El mismo método utiliza, si bien dentro de un modo en apariencia más convencional, en The Silver Screen: Color Me Lavender (1998), un agudo repaso a la imagen de la homosexualidad en el cine. Por su parte, los mediometrajes Postcards (1990) y Exterior Night (1993) demuestran que Rappaport no ha abandonado del todo lo narrativo, si bien se trata de una narración en segundo grado, que se desarrolla igualmente sobre un fondo de imágenes: las postales que intercambian los protagonistas del primero, y los planos generales vacíos de viejas películas americanas ante los que se colocan los actores del segundo. Hollywood como transparencia, de fondo y al fondo: una metáfora perfecta de la posición de un cineasta que trabaja en la periferia.

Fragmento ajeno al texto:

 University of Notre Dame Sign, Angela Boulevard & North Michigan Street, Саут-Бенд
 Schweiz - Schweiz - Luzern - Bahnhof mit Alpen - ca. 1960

Ahora este cineasta neoyorquino de sesentaitantos años dice que ha dejado el oficio pero no le crean al pie de la letra. Sigue siendo un apasionado del cine y su neoyorquinismo de Brooklyn, o del Soho, en donde tenía un amplio apartamento que ha sido escenario de no pocos de sus films, se hace evidente en su humor ácido y su cosmopolitismo. Resulta delicioso hablar de cine con alguien a quien ni de lejos confundiríamos con un cineasta clásico pero que conoce ese tipo de cine mucho mejor que la mayoría de los que lo utilizan como bumerán contra la modernidad. Hablar con él, o en su defecto leer sus magníficos artículos o escuchar su voz interpuesta en los films de remontaje ensayísticos, equivale a verse sumergido pronto en una versión heterodoxa, provocadora y revisionista pero muy apasionada de lo que Godard llamaría la verdadera historia del cine. Es la misma sana iconoclastia que comparece en esos collages que ahora son su principal actividad cinéfila: collages en los que Delphine Seyrig se encuentra en un jardín de Marienbad con el vampiro de Dusseldorf; o Marlon Brando y Janet Leigh, la chica de la ducha de Psicosis, gritan a dúo contra el fondo del valle monumental de los westerns de John Ford. Una historia remontada con los fragmentos de las películas que constituyeron nuestra educación sentimental en el cine.